From Pillar to Post. Starting from a pillar, you run 200 \(\mathrm{m}\) east (the \(+x\) -direction) at an average speed of \(5.0 \mathrm{m} / \mathrm{s},\) and then run 280 \(\mathrm{m}\) west at an average speed of 4.0 \(\mathrm{m} / \mathrm{s}\) to a post. Calculate (a) your average speed from pillar to post and (b) your average velocity from pillar to post.

Short Answer

Expert verified
Average speed: ~4.36 m/s; Average velocity: -0.73 m/s.

Step by step solution

01

Calculate Total Distance

First, calculate the total distance traveled. You ran 200 meters east and then 280 meters west. Therefore, the total distance traveled is:\[\text{Total distance} = 200 \text{ m} + 280 \text{ m} = 480 \text{ m}\]
02

Calculate Total Time

Next, calculate the total time for the entire journey. Use the formula \( \text{time} = \frac{\text{distance}}{\text{speed}} \).
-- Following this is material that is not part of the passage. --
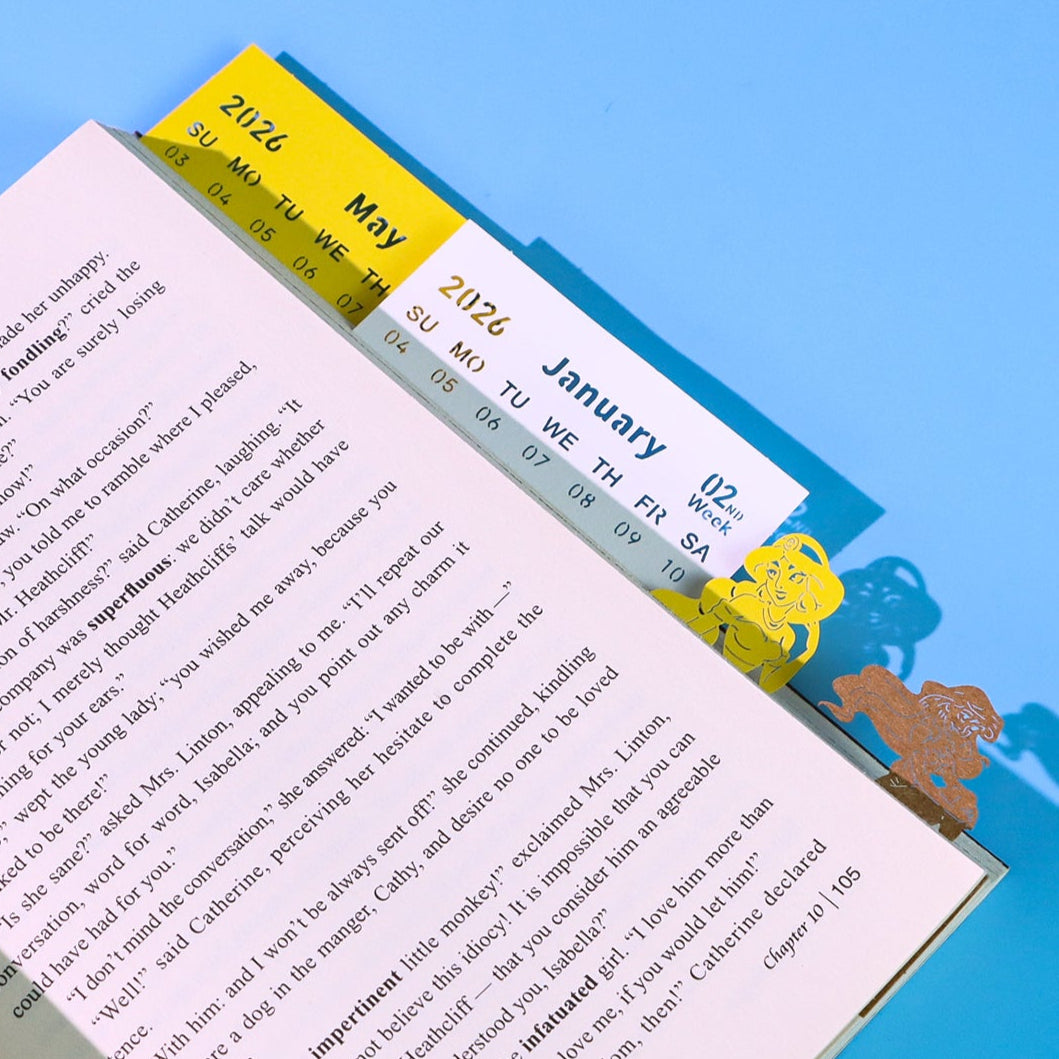 D.Castle (Avec lumière et calendrier 2026)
For the first part of your run, time is:\[\text{Time}_{\text{east}} = \frac{200 \text{ m}}{5.0 \text{ m/s}} = 40 \text{ s}\]For the second part of your run, time is:\[\text{Time}_{\text{west}} = \frac{280 \text{ m}}{4.0 \text{ m/s}} = 70 \text{ s}\]Thus, the total time taken is:\[\text{Total time} = 40 \text{ s} + 70 \text{ s} = 110 \text{ s}\]
03

Calculate Average Speed

The average speed is calculated by dividing the total distance by the total time. Thus:\[\text{Average speed} = \frac{480 \text{ m}}{110 \text{ s}} \approx 4.36 \text{ m/s}\]
04

Determine Displacement

Displacement is defined as the change in position. You ran 200 meters east and then 280 meters west, so the total displacement is:\[\text{Displacement} = 200 \text{ m} - 280 \text{ m} = -80 \text{ m}\]The negative sign indicates a final position west of the starting point.
05

Calculate Average Velocity

Average velocity is the displacement divided by the total time. Using the previously calculated displacement and total time:\[\text{Average velocity} = \frac{-80 \text{ m}}{110 \text{ s}} \approx -0.73 \text{ m/s}\]The negative sign signifies that the direction is towards the west.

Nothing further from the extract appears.